For more than ten years the UK has had regulations on the statute book through which employees and their representatives can require employers to provide information and consult generally on important issues, like jobs and work organisation.
Implementation of the rights contained in the Information and Consultation of Employees Regulations 2004 (the ICE regulations and their Northern Ireland equivalent) is not automatic. It can normally be triggered if at least 10% of employees within the business (defined as an “undertaking”) request it.
The regulations are based on a European Directive (2002/14/EC) that provides a general framework for informing and consulting employees. The UK vote to leave the European Union will eventually mean that this and other European directives will no longer underpin UK law. However, the regulations will continue to apply unless they are specifically repealed and the trade union movement has indicated that it will campaign to defend all workers’ rights which are based on EU law.
When they were introduced the ICE regulations added a new dimension to existing channels for informing and consulting at work, which include union recognition arrangements, legally enforceable consultation on specific topics (from redundancies to health and safety), the right to information for collective bargaining purposes and various forms of voluntary consultation.
The ICE regulations introduced the option of legally enforceable employee information and consultation on a much wider range of topics. Brendan Barber, who was then the TUC general secretary, said that only “bad managers who insist on keeping their staff in the dark” had anything to fear.
However there were and still are concerns within the trade union movement that ICE could be used to undermine or sidestep collective bargaining and downgrade the role of unions. The ICE regulations themselves also have a number of shortcomings. (The TUC has made a strong case for strengthening the regulations in Democracy in the Workplace, 2014.)
Despite this, many trade unionists have taken advantage of these legally enforceable rights, as a complement to collective bargaining and as a way of strengthening the union’s position and extending its influence.
The booklet starts in Chapter 1 by tackling what may well be the main concern for trade unionists – the pluses and minuses of information and consultation as compared with other forms of employee representation. It also suggests that unions are now willing to make more use of the regulation than when they were first introduced. Where and how the regulations apply, especially the thorny issue of defining the “undertaking”, are set out in Chapter 2.
A simple summary of how the regulations might be expected to work, “all being well” is provided in Chapter 3. The issues it covers are presented in more detail in the later Chapters.
How the ICE process gets started is the focus of Chapter 4, while what to do about pre-existing agreements (which can have the effect of blocking an employee ICE request) is covered in Chapter 5. Negotiations should be central to the ICE process, as Chapter 6 shows, and what they deliver – or what happens if negotiations fail to deliver an agreement – is looked at in Chapters 7 and 8.

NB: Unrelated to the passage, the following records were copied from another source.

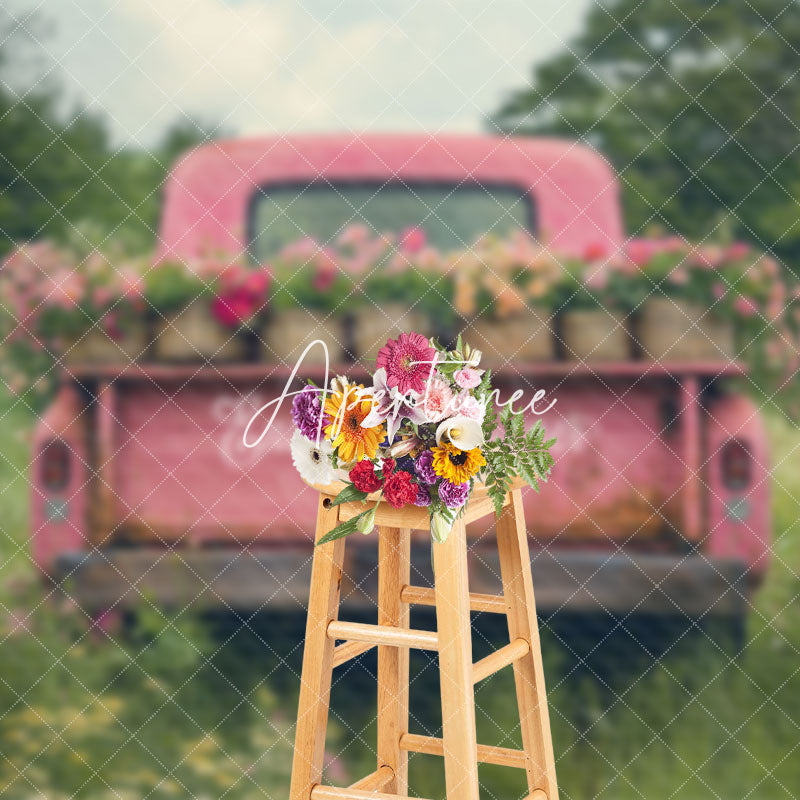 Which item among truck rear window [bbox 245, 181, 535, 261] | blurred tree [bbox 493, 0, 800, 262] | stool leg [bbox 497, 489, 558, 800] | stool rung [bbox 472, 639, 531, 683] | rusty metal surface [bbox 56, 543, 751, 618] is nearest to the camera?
stool rung [bbox 472, 639, 531, 683]

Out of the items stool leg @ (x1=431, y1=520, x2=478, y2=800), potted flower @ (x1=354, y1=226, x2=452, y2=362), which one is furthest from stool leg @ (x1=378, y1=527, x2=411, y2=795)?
potted flower @ (x1=354, y1=226, x2=452, y2=362)

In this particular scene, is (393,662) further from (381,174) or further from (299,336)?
(381,174)

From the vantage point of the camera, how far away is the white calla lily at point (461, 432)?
1.41m

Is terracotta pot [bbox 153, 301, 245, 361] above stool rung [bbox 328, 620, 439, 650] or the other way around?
above

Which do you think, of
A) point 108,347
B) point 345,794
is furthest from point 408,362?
point 108,347

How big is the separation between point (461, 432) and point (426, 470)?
70mm

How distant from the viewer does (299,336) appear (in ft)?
7.70

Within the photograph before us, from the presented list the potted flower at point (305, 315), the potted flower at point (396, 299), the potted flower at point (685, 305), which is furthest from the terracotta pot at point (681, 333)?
the potted flower at point (305, 315)

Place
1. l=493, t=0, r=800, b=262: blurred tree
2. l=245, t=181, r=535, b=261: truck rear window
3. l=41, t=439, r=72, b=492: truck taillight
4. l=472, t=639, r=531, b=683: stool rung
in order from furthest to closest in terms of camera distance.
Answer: l=493, t=0, r=800, b=262: blurred tree < l=245, t=181, r=535, b=261: truck rear window < l=41, t=439, r=72, b=492: truck taillight < l=472, t=639, r=531, b=683: stool rung

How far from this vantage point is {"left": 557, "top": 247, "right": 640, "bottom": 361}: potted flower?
233cm

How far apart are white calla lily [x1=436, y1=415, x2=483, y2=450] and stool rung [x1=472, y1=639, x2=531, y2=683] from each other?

Confidentiality is a key issue and is reviewed in Chapter 9 together with the protections available against detriment or unfair dismissal for employees and reps. Enforceability is one of the main potential benefits of the regulations and is the focus of Chapter 10. Chapter 11 gives further examples of how information and consultation rights work in practice.
Chapter 12 highlights other legally enforceable information and consultation rights. Although these are distinct from the ICE regulations – the main focus of this booklet – they can and do interact, in ways that may be either helpful or confusing. Chapter 13 lists sources of further information.
Throughout the booklet, examples are given from the cases heard by the enforcement bodies, in particular the Central Arbitration Committee (CAC).